Would there be much difference if I used a resinos.io image instead? Are they fulfilling similar roles now that -dev images are available through the dashboard?


#12

More datapoints: If I provision a brand new device (with ethernet and modem connected) and put it into local mode before it has a chance to download the application (it’s at the factory build) it will list the modem in nmcli indefinitely. As soon as I go and disable local mode and the application downloads and starts, the modem connection disappears from nmcli. There are no logs about what’s happening in journalctl.


#13

A note on resinos.io images: those are currently behind in versions, and the 2.0 images you get from the dashboard are newer. Once the final (non beta) release is out on resin.io, will update the open source resinos.io images as well. Currently, though, would not use that, lot has changed since then. The similar roles you mentioned are a thing, though, that’s one reason rdt is being rolled into resin-cli (and the resin local ... commands).

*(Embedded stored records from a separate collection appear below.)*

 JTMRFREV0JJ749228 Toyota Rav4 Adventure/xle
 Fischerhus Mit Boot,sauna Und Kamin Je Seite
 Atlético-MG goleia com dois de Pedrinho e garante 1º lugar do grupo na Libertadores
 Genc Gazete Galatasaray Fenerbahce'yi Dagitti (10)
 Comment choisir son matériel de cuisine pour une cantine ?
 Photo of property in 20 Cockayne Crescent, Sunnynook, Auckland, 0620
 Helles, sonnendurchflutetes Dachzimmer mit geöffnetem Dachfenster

Thanks for the additional info, we are trying to narrow down what might be happening. It’s very strange, because there are a large number of cellular modems that work totally fine…


#14

By the way, would you consider use any other modem, or this one has any specific features that you need?


#15

@liammonahan if the connection stays up indefinitely with out ever running the container, then I suspect there is some kind of interaction with a service running in the container. Do you have INITSYSTEM=on set in all the projects you are testing? I am wondering if somehow the systemd in the container is causing some kind of killing of the modemmanager service. I’ll try do some testing with this today on the some of our latest base images, because I wonder if a recent change has introduced this behaviour.


#16

Hey Liam, I spent some time trying to reproduce this today, but haven’t been able to get the same behaviour with any of the modems I have here. It’s pretty strange, I am wondering if perhaps its something to do with the cdma modems as I am based in Europe, so have only ever tested GSM modems. Perhaps @mccollam has had some success with his CDMA based modems.

It’s also interesting to see these two lines:

Mar 06 12:08:13 e5882e6 pppd[856]: Terminating on signal 15
Mar 06 12:08:13 e5882e6 NetworkManager[723]: Terminating on signal 15

Which seem like something is sending SIGTERM to the pppd and NM. This I suspect is the systemd process in your container when it shutdown during a application stop while updating. So perhaps having INITSYSTEM=off will stop the issue from happening?


Modem Manager GPS issue
#17

@imrehg We’ve got some different modems we ordered that should get activated in the next couple of days to test out. We are not wedded to this modem, but it seems robust and has worked for us with NetworkManager in the past.


#18

I didn’t have any luck unfortunately using INITSYSTEM=off. The main difference this time is pppd exiting much more quickly (0.1 minutes instead of 1.5?) and the following log messages at the very end of the log. TERM signal is still being sent to MM/NM. Hmmm…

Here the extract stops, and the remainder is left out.